The BU researchers have begun following up with past participants in the program, said Schiff, adding that out of the 47 contacted so far, 35 (or 74 percent) are not currently using opioids. “The numbers don’t do it justice,” Schiff cautioned. “The stories of their time through their treatment, the arc of their treatment, with relapse, with struggles to stay clean, is more telling.”

With that in mind, Rosenbloom, Campanello, and Ryan talked about the seminar’s central question: Why would, or should, police departments take on this role in the face of the growing opioid epidemic?

For Campanello, the new approach came from listening to the community he had sworn to serve. “What the community was saying was, ‘We don’t want you arresting people with this disease anymore if you don’t have to.’ Seeing death in large numbers led to this change.”

Social media proved an effective way to communicate the department’s new approach. Campanello shared the plan on Facebook: “Any addict who walks into the police station with the remainder of their drug equipment (needles, etc.) or drugs and asks for help will NOT be charged. Instead we will walk them through the system toward detox and recovery.”

That post soon had 2.5 million hits and was shared 30,000 times in every state and in 61 countries. “When you have Uzbekistan reading the Facebook post of a little North Shore city,” Campanello told the audience, “you get a very, very clear picture of how important this issue is to so many people.”

Soon after, the Arlington police department began outreach to people known to be addicted to opioids. The department had a clinician available to help create treatment plans for them and their families.

The Gloucester and Arlington models are now being adopted around the country.

What makes these approaches different from earlier efforts to get people into treatment within the court system, Campanello said, has to do with stigma. “We’re very anticoercion, anti-incentive, for this disease,” he explained. If even the threat of losing child custody doesn’t work, he said, “how is a charge of possession of an illegal substance going to incentivize someone to give up their disease?”

Stigma is the major challenge here, Ryan concurred, even when it comes to implementing these kinds of programs. He described how for decades police have offered not to charge a drug user if they identified their dealer. “That’s discretion,” he said. “We now apply that very same discretion, ‘You go into treatment and I won’t charge you with a crime,’ and prosecutors are saying, ‘I’m not so sure you have the authority.’”

The other major challenge in dealing with the opioid epidemic, both agreed, is a broader system that is full of holes. “What is so cockamamy,” Rosenbloom asked, “so opaque, about getting help for the disease of addiction that people are flocking to police stations, where they could be arrested?”

Ryan’s answer: “We’re now dispatching a clinician to an overdose in the ER.” His department has seen people brought into the emergency room after overdosing, released, and then fatally overdosing just hours later, he said.

Police, as newcomers to the treatment field, are able to bring a level of optimism and creativity to the problem, Campanello added, along with the clout to help move someone through a complex and confusing system. “We ask very three-year-old-like questions,” he said, “which always begin with, ‘Why?’”

Throughout the event, both police chiefs returned again and again to the idea at the heart of their programs: police should serve their communities.

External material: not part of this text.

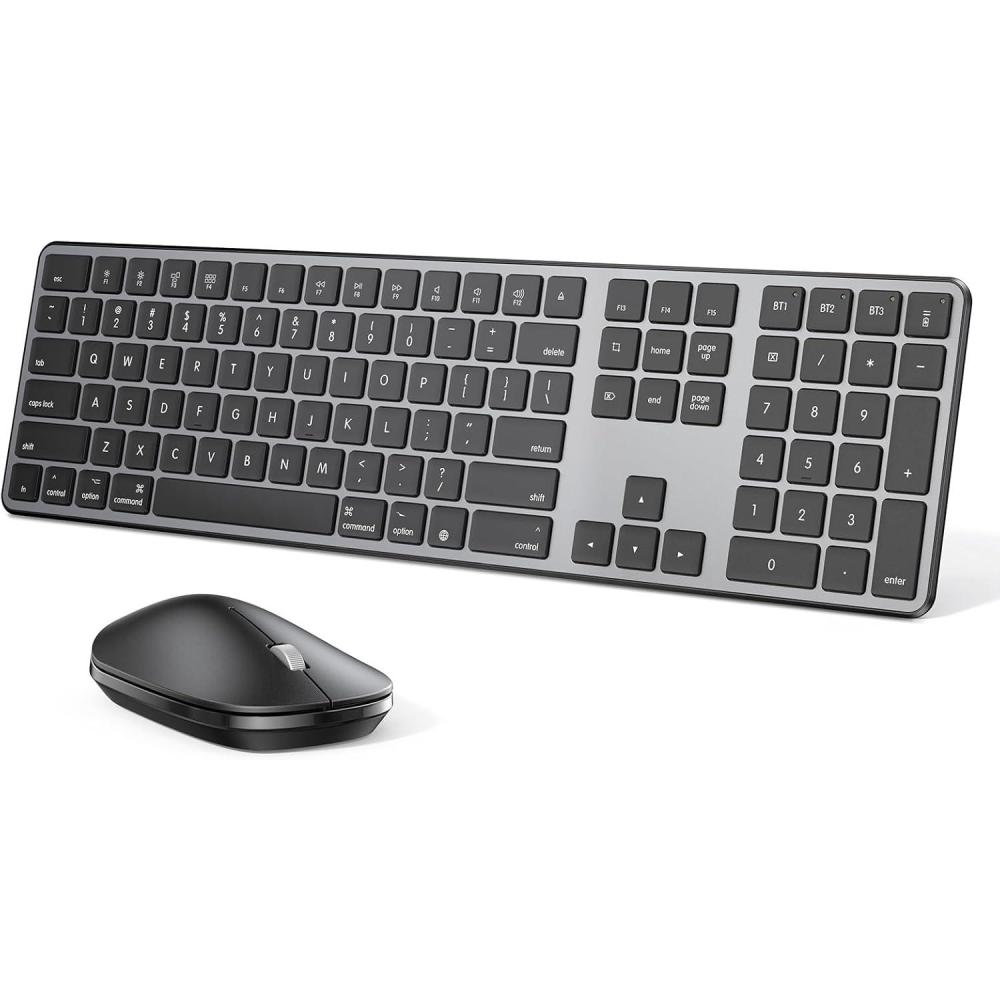 imageBluetooth Keyboard and Mouse for Mac OMOTON Wireless MultiDevice Keyboard with Numeric Keypad Keyboard and Mouse Combo for MacBook ProAir iMac iMac Pro Mac mini Mac Pro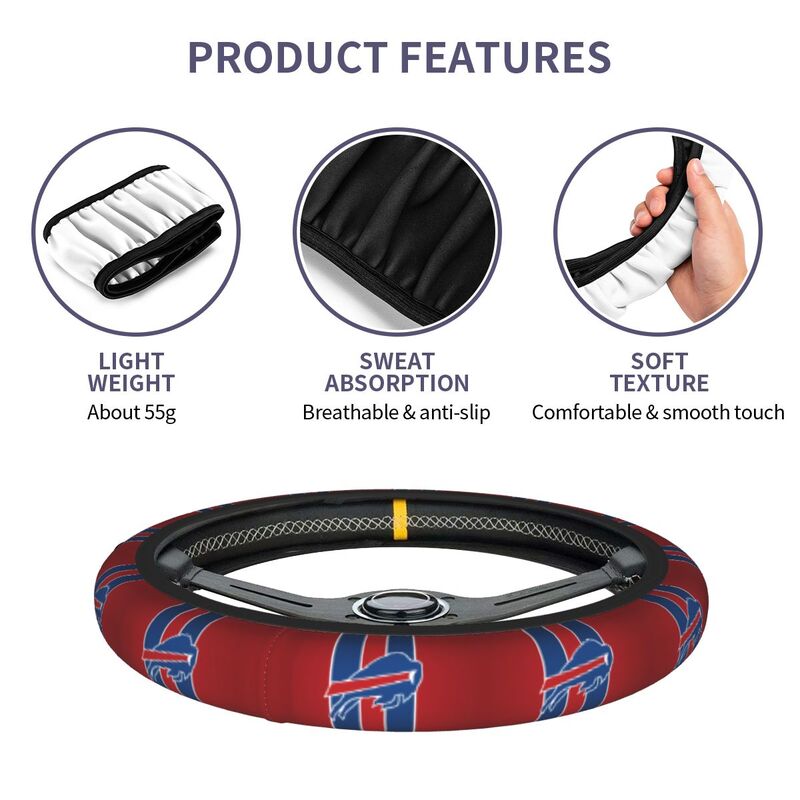 Buffalo Bills 3 Printed breathable anti slip cover elastic steering wheel cover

With public opinion of police far less positive in recent years, “it remains the police department’s responsibility to rebuild that trust,” Campanello said.

“There’s no achievement in this whatsoever,” he added. “This is a responsibility. This is what we’re supposed to be doing. We’re supposed to be helping people, especially people with a disease, and if that means thinking outside the box, then that too is a responsibility.”